• **Material shown**
◇ ◇ ◇ ◇ ◇ ◇ ◇

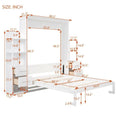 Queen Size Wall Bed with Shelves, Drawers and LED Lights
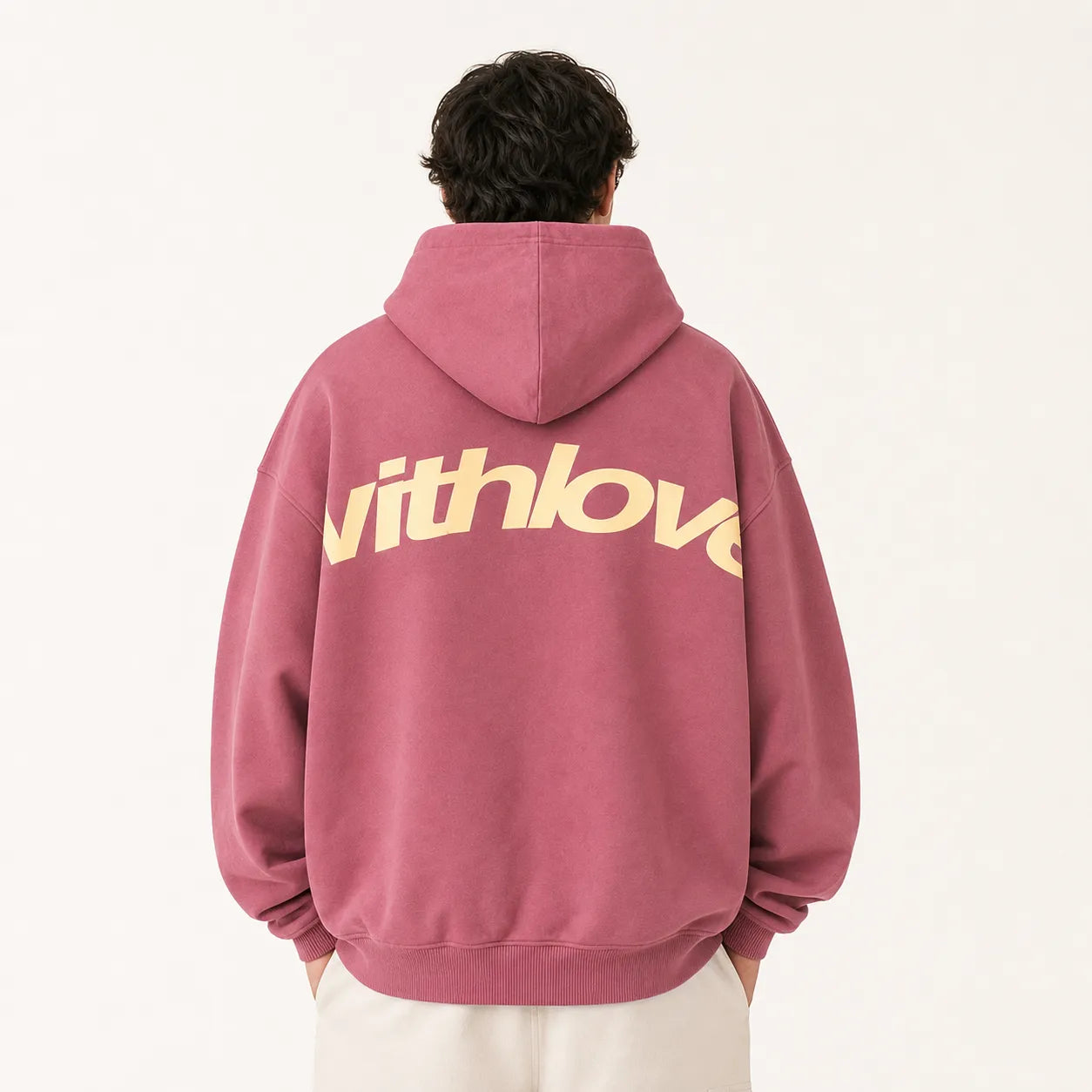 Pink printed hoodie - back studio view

◇ ◇ ◇ ◇ ◇ ◇ ◇

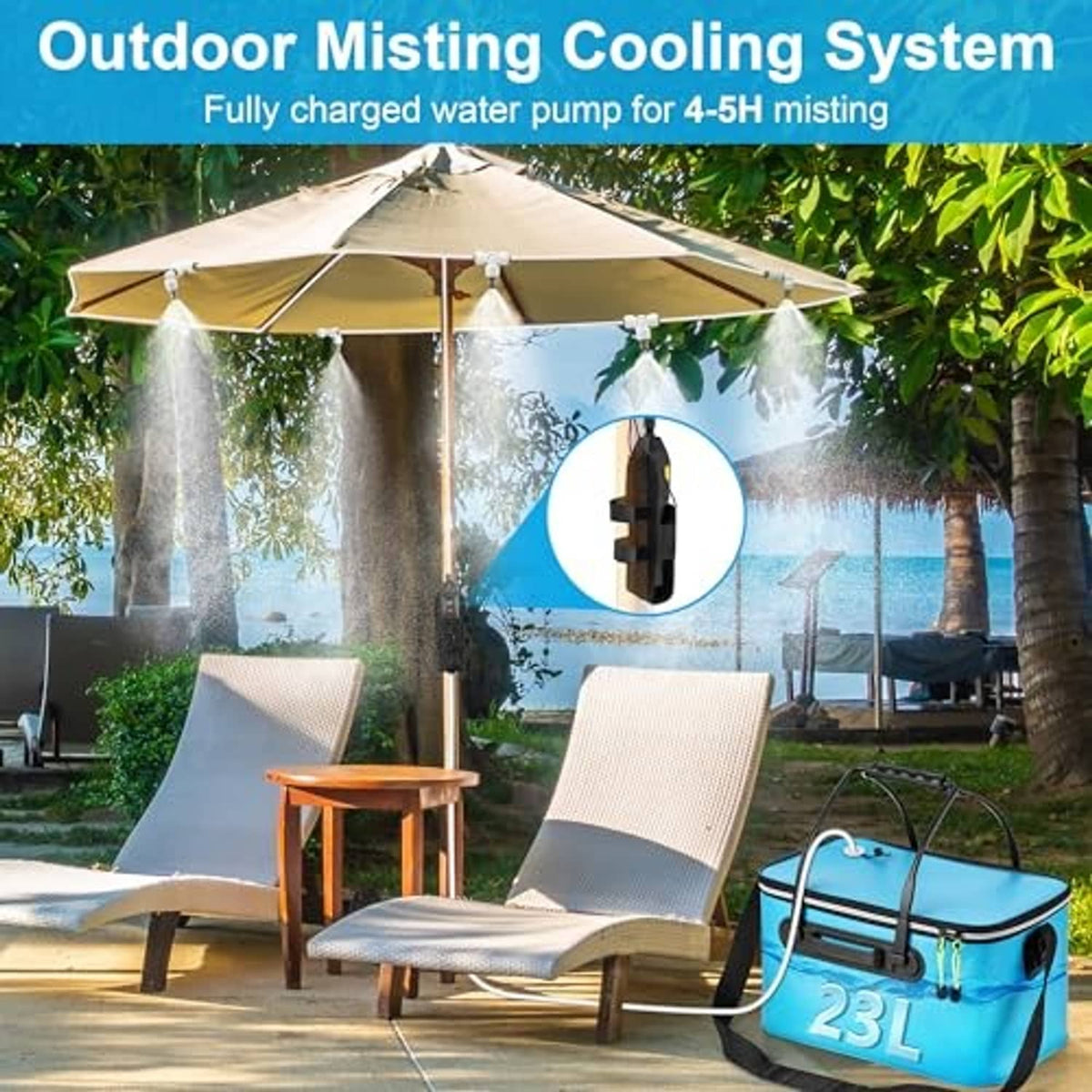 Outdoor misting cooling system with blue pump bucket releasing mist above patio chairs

◇ ◇ ◇ ◇ ◇ ◇ ◇

• **Your assignment**
Everything from the line with "Queen Size Wall" through the line with "Pink printed hoodie - back studio view" in the material above should be transcribed exactly, except the pictures.

• **Result of this task**
 Queen Size Wall Bed with Shelves, Drawers and LED Lights
 Pink printed hoodie - back studio view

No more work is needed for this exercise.